Ovarian cancer is the fifth leading cause of death from gynecological malignancy in the United States and Western Europe [
20]. The major histological subtypes are classified as mucinous, serous, endometrioid, and clear cell. Among these, serous carcinoma is the most common ovarian cancer subtype [
21]. Carcinoma of the ovary is subclassified into 4 tumor stages defined by how that disease has spread (metastasized) from the original site to other parts of the body. The guidelines defining stages are provided from the International Federation of Gynecology and Obstetrics (FIGO). In particular, in stage IV, cancer has spread beyond the abdomen into tissues in the liver and other organs (NCI, FIGO). Some 75% of all patients with ovarian cancer are commonly diagnosed with stage III/IV disease, for which the 5-year survival rate is only 5% - 30%, with 21 months being the average survival time [
1]. Consequently, a convenient diagnostic for early stage disease [
1,
2] that could be routinely applied has the potential to prolong survival by enabling early intervention. Similarly, the identification of biomarkers that would distinguish short from long term survivors who are on the same therapeutic regimen can help guide therapy.
Similarly, breast cancer has a large impact on health, being the primary cancer which strikes women overwhelmingly, and the second leading cause of cancer death in women. There is high variability in the outcomes and responses to therapies among patients in the same stage of this disease [
22,
23]. Though hormonal and chemo-therapies can significantly reduce the chances of metastases in this disease [
24], predictions of such outcomes based on genomic information have not been implemented in a standardizable way.
Identification of biomarkers differentiating stages or expected survival terms in ovarian cancer, as well as metastasis in breast cancer, can help guide treatment.

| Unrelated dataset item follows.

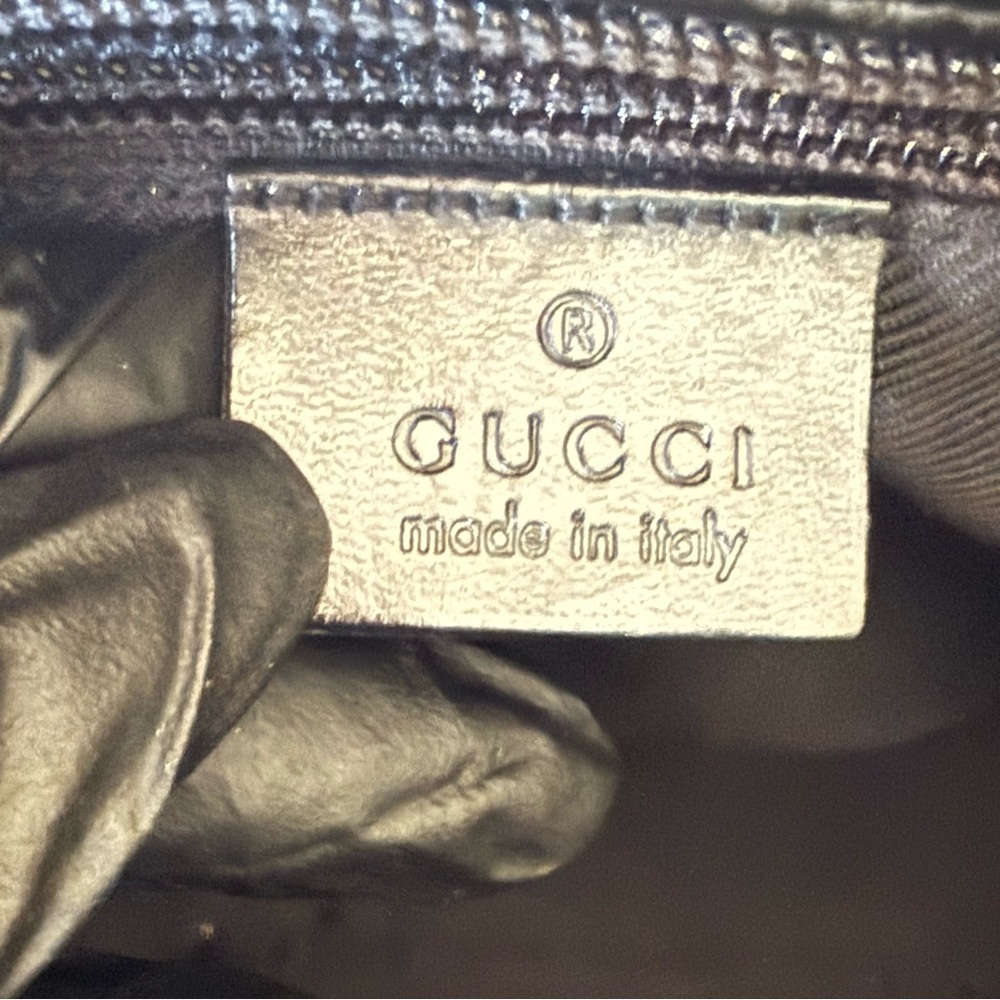 🔥AUTHENTIC GUCCI BLACK DENIM & LEATHER TOTE BAG🔥 - Picture 11 of 16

In this paper, we suggest our standardized pathway-based approach to biomarker analysis for discriminating cancer subtypes as a research tool with strong potential for clinical applications. The methodologies in this paper are validated in the identification of specific stable pathway markers (see below) which differentiate cancer phenotypes and validate previous studies identifying the same pathways and their component genes as significantly linked to cancer.